Gertraud Möhwald, 1929 in Dresden geboren, machte nach dem Abitur von 1948 bis 1950 eine Lehre als Steinbildhauerin im Dresdner Zwinger und studierte ab 1950 zunächst Bildhauerei und später Keramik an der Burg Giebichenstein Kunsthochschule Halle. Von 1964 bis 1989 lehrte sie hier. Seit 1983 war sie Mitglied der Académie internationale de la Céramique (AIC) in Genf; im letzten Jahr ihres Bestehens wurde sie Mitglied der Akademie der Künste zu Berlin (Ost); 1991 hatte sie ein Arbeitsstipendium des Landes Reinland-Pfalz im Künstlerhaus Edenkoben, 1994 war sie Ehrengast der Deutschen Akademie in der Villa Massimo in Rom; 1997 erhielt sie den Kunstpreis des Landes Sachsen-Anhalt.

Ab Mitte der 1960er Jahre zeigte Gertraud Möhwald mit ihren frei aufgebauten, betont plastischen, geschnittenen, montierten und collagierten Gefäßen und Baukeramiken, welche weitreichenden künstlerischen Möglichkeiten das Material Ton dem bietet, der sich ihm unkonventionell nähert und die Verbindung von formalem und ideellem Ausdruck zum Konzept erhebt. Damit wirkte sie schulbildend über die Mauern der halleschen Kunsthochschule hinaus und beeinflusste zahllose Keramiker, auch solche, die ihre Ausbildung nicht in Halle erhalten haben.



Gertraud Möhwald gelang es – wie übrigens vielen Menschen – in dem unfreien Land DDR ihre innere Freiheit und äußere Unabhängigkeit zu bewahren. Das spiegelt sich in ihrem Werk. Mit einer solchen Haltung bekam sie zu Zeiten der DDR kein gut bezahltes „Amt“, aber die Anerkennung und Bewunderung von Menschen, deren Meinung ihr wichtig war. „Ihre Fähigkeit das Schicksal anzunehmen, hat sie in der Enge der DDR, die sie ganz sicher schmerzlich empfand, die selbst gewählte Beschränkung nie als Einschränkung empfinden lassen. Sie hat sich eine geistige Freiheit bewahrt, die sie befähigte, ein einmaliges Werk zu schaffen“, schreibt Dr. Katja Schneider im Katalogbuch zur großen Werkschau, den die Moritzburg Gertraud Möhwald 2005 ausrichtete. Gertraud Möhwald konnte ihr Werk nicht vollenden. Sie starb unter tragischen Umständen am 20. Dezember 2002 in Halle. Kunstfreunde, Sammler und Galeristen in aller Welt schätzen und verehren sie.

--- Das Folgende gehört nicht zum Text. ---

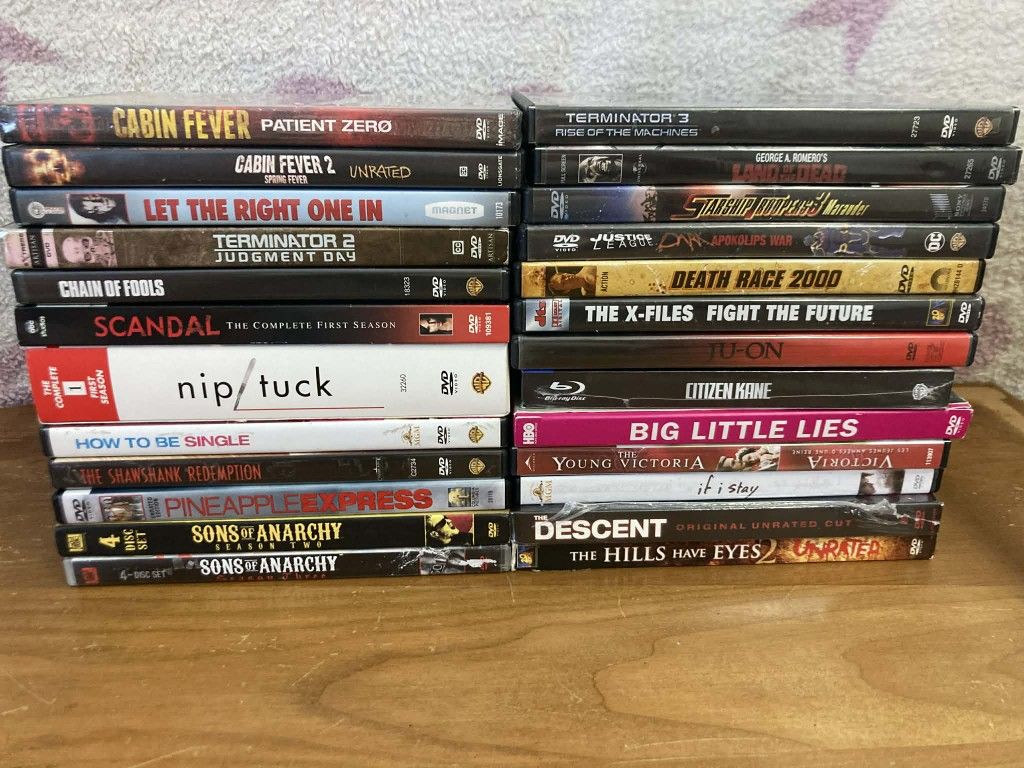 Dvds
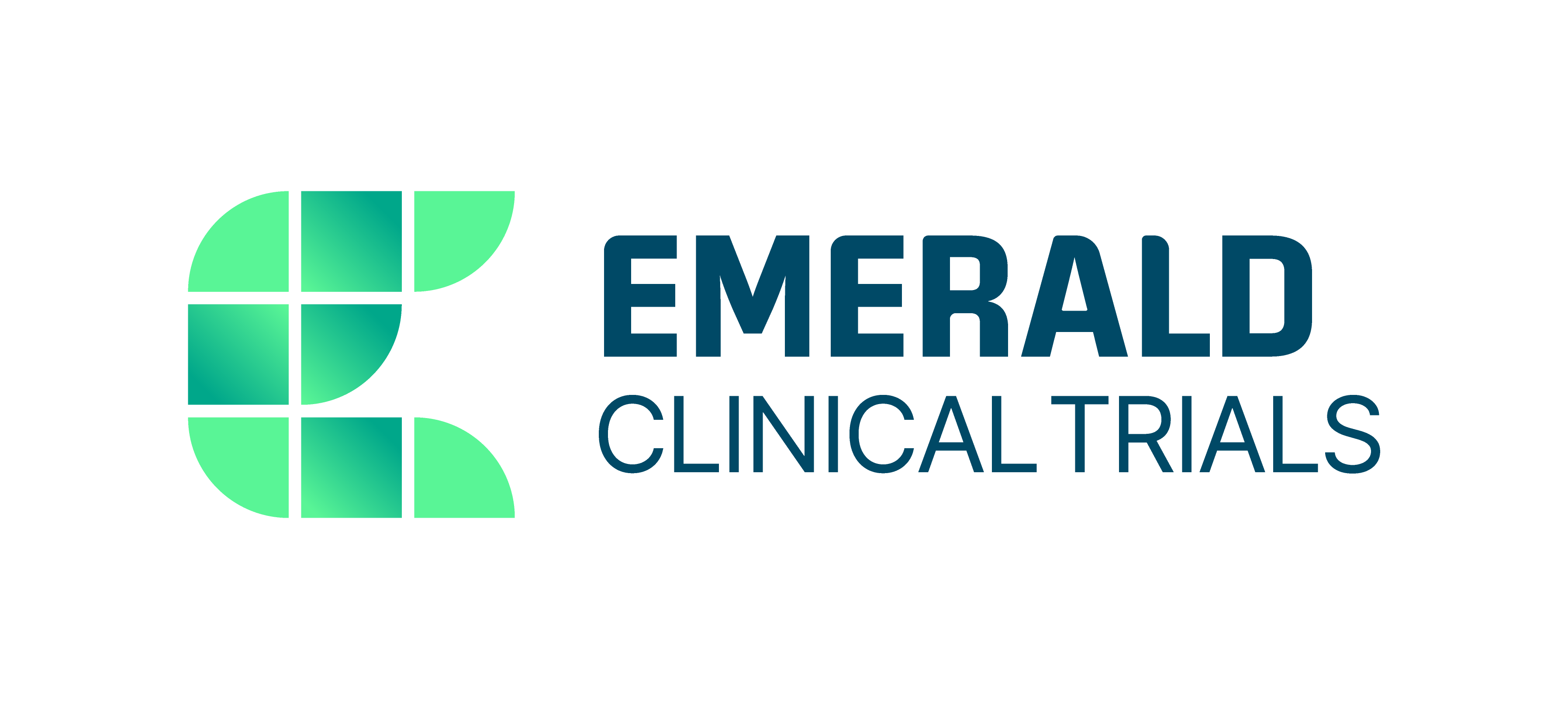 Emerald Clinical Trials logo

Die Stiftung Moritzburg erinnert mit einer Kabinettausstellung, die vom 5. Dezember bis 7. April 2013 zu sehen ist, an das Werk dieser bedeutenden deutschen Keramikerin. Am Dienstag, dem 4. Dezember 2012, um 18 Uhr, laden das Landeskunstmuseum und die Burg Giebichenstein Kunsthochschule Halle zu einem Vortrag über Leben und Werk der Bildhauerin und Keramikerin Gertraud Möhwald ein.